**THE TASK**
Would you return exactly the lines below from the line with "7955 Forest Valley" through the line with "Rainbow necklace with", both included, and nothing else, leaving out the pictures?

**RECORDS**
━━━━
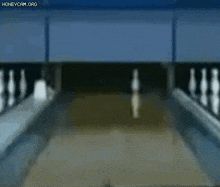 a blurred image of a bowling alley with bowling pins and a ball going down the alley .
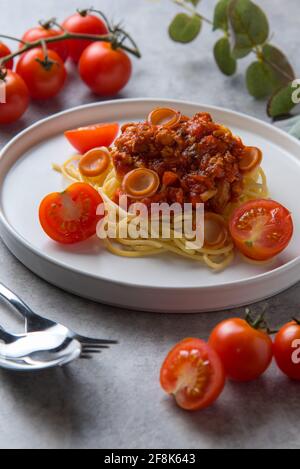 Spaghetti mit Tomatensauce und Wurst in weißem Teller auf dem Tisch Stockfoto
━━━━
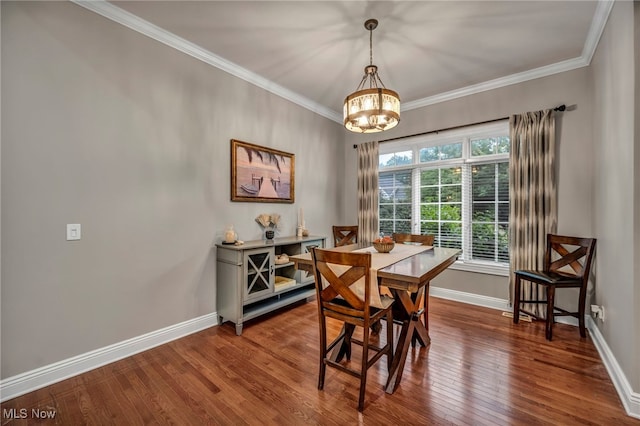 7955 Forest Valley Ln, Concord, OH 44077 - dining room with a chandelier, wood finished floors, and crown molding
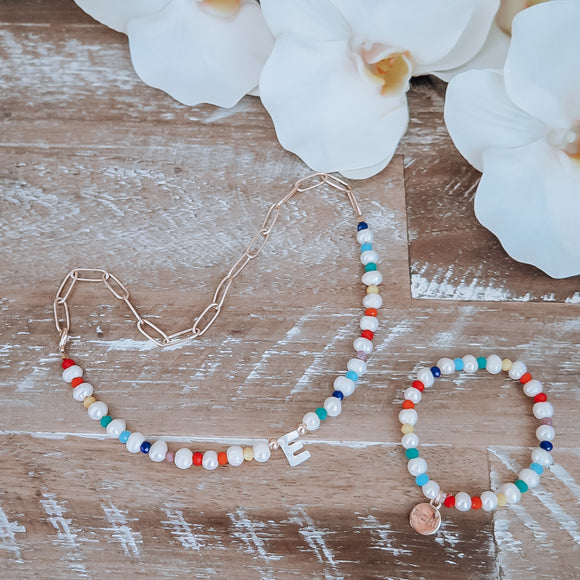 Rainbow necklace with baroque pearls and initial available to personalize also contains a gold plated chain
━━━━
**COMPLETED TASK**
 7955 Forest Valley Ln, Concord, OH 44077 - dining room with a chandelier, wood finished floors, and crown molding
 Rainbow necklace with baroque pearls and initial available to personalize also contains a gold plated chain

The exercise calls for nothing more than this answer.